#### WORK ITEM
Could you set down exactly the lines in the records below between the line holding "Visions of Dominance (MIC) #37 [EN/N]" and the line holding "L1 24/25 J14", inclusive?

#### TASK MATERIAL
§

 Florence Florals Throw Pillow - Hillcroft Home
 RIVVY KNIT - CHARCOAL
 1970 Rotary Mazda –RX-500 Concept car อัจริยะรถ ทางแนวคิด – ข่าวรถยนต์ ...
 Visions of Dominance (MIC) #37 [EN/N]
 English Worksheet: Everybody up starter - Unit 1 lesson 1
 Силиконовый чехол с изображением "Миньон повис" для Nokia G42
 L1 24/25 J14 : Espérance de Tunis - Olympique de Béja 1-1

§

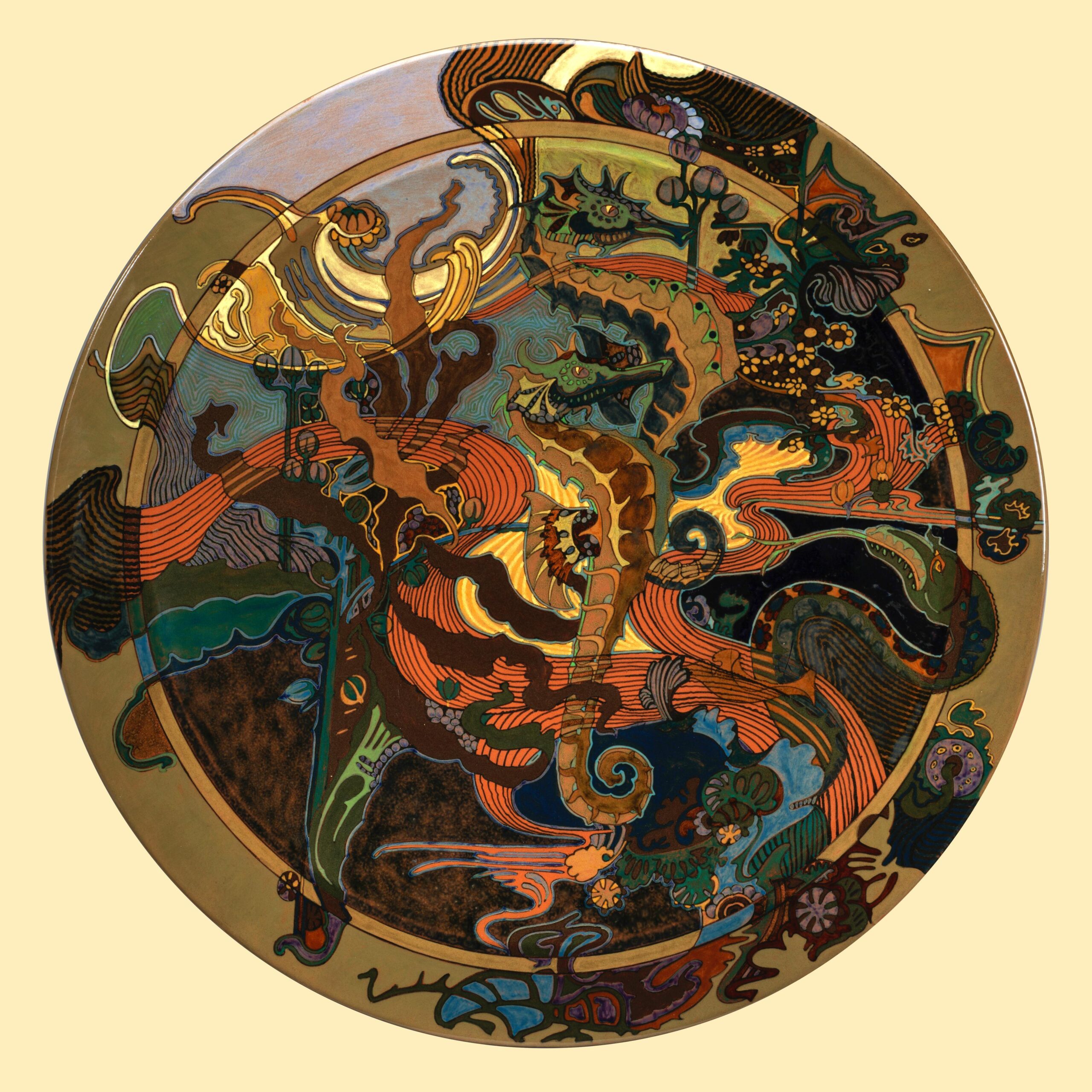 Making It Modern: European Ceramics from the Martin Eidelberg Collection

§

#### RESULT
 Visions of Dominance (MIC) #37 [EN/N]
 English Worksheet: Everybody up starter - Unit 1 lesson 1
 Силиконовый чехол с изображением "Миньон повис" для Nokia G42
 L1 24/25 J14 : Espérance de Tunis - Olympique de Béja 1-1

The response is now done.